Today's reading from the 1st Letter to Timothy challenges us to look at our consumerist way of life.
For we brought nothing into the world, just as we shall not be able to take anything out of it. If we have food and clothing, we shall be content with that. Those who want to be rich are falling into temptation and into a trap and into many foolish and harmful desires, which plunge them into ruin and destruction. For the love of money is the root of all evils, and some people in their desire for it have strayed from the faith and have pierced themselves with many pains. (1 Timothy 6:7-10)
Much has been made of the Holy Father's choices regarding his simple way of life. He has chosen not to live in the papal palace and to occupy a simple apartment in the Vatican guesthouse. Those who have been in the apartment have commented on its Spartan décor. He chose to use a rented Fiat when he was in Rio de Janiero, and he made a point of visiting the poorest (and most dangerous) neighborhood in that city. His choice of cars in Rome is a used vehicle that was given to him by a parish priest. His robes are simple, lacking the embroidered papal coat of arms on his belt or sash. His liturgical vesture is equally simple. He has called upon the leaders of the world to pay attention to the needs of the poor, and he has criticized the media for failing to report on the millions of starving people in our world. Both through his words and through his way of life, he is demonstrating the kind of simple life style called for in the Scriptures.

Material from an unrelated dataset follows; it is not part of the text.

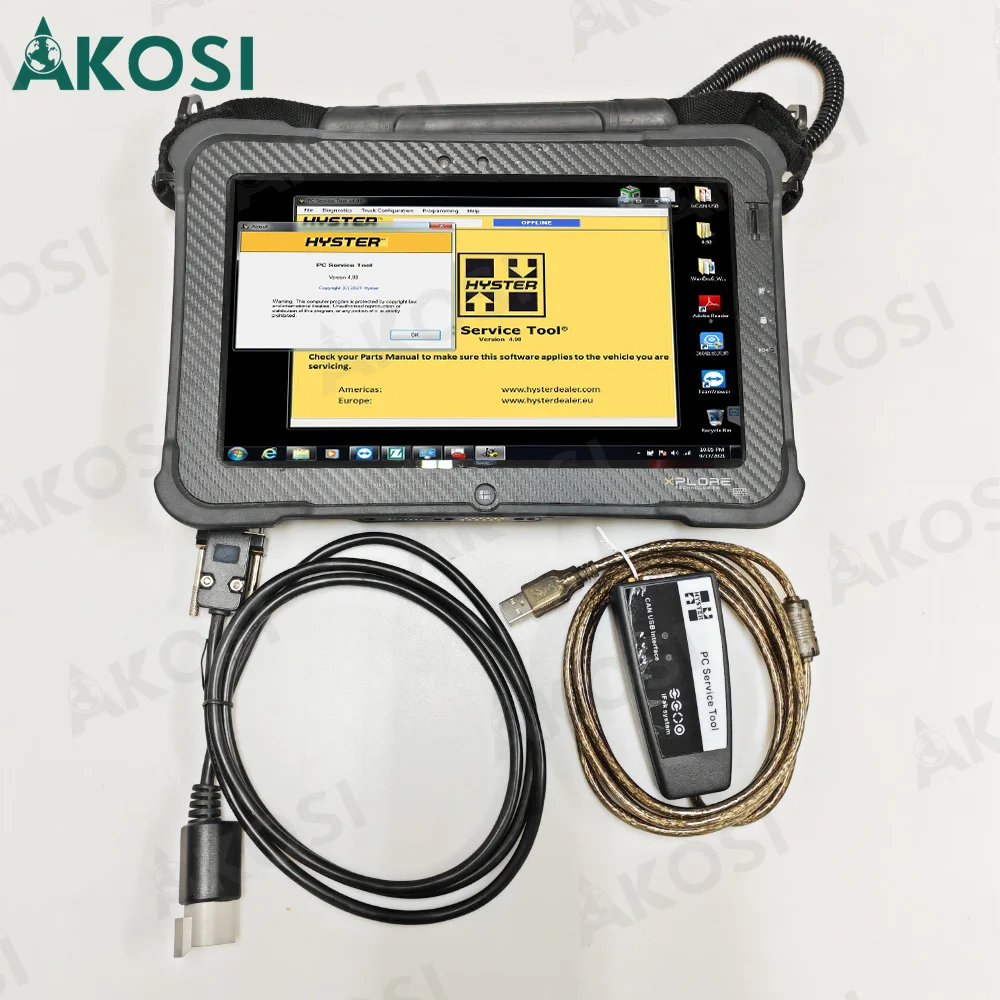 

V4.99 for hyster yale forklift truck diagnostic scanner Yale Hyster PC Service Tool Ifak diagnositc tool with Xplore tablet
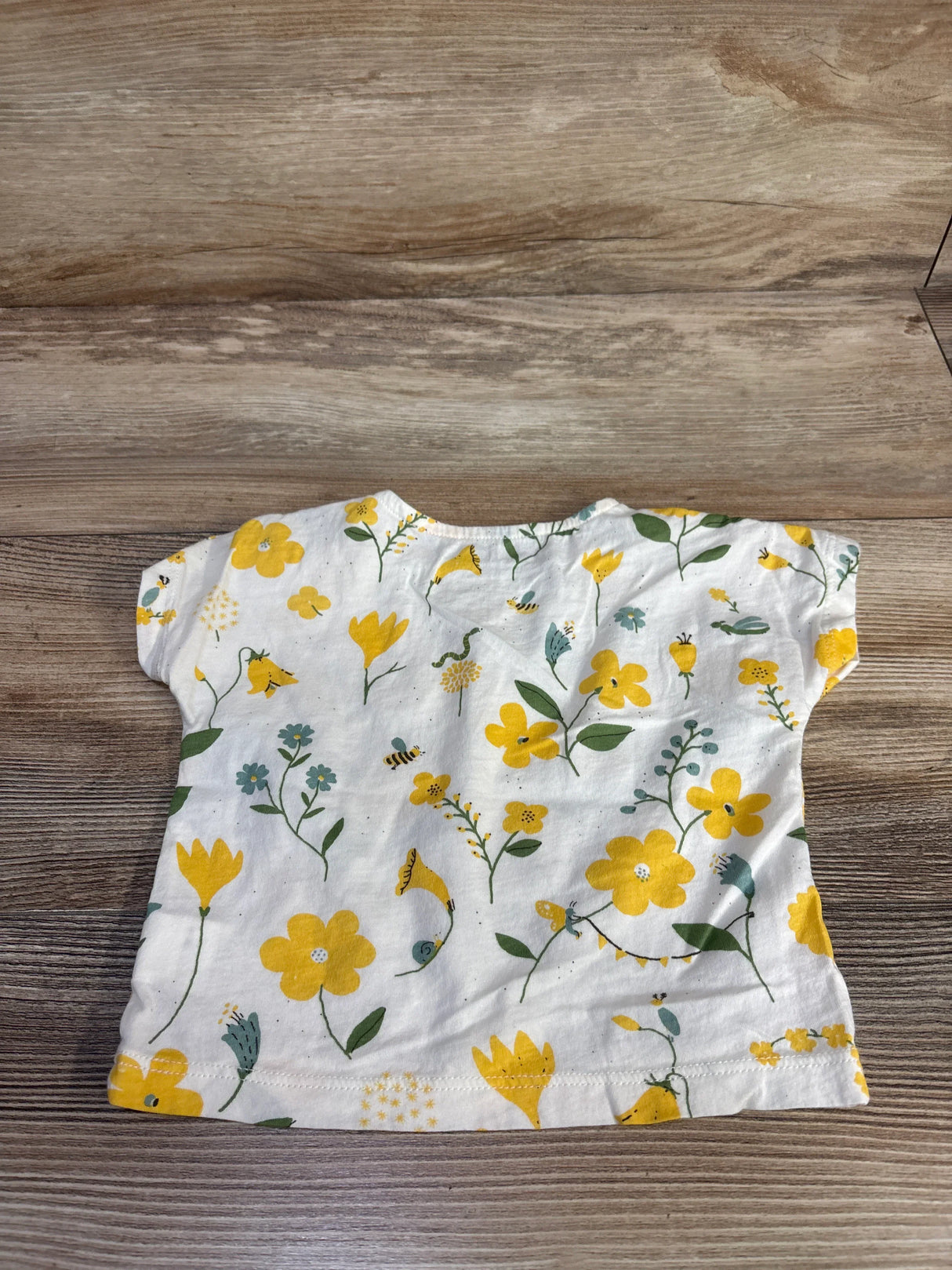 Red Caribou Spring Blossom Short Sleeve Shirt White sz 9-12m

One of the criteria that those of us who are religious with a vow of poverty are taught from the day we were invested with our habits is the distinction between "need" and "want." The community will supply our needs. However, we are asked to consider what we really need and whether we might not simply be giving in to our wants. The current movement to embrace a simpler life style is evidence that there is a part of our population which has recognized that our pursuit of things and of wealth has led us off the straight and narrow path.
No one is expected to drive themselves into destitution. However, we must remember that when one person has too much, hundreds of people have not enough.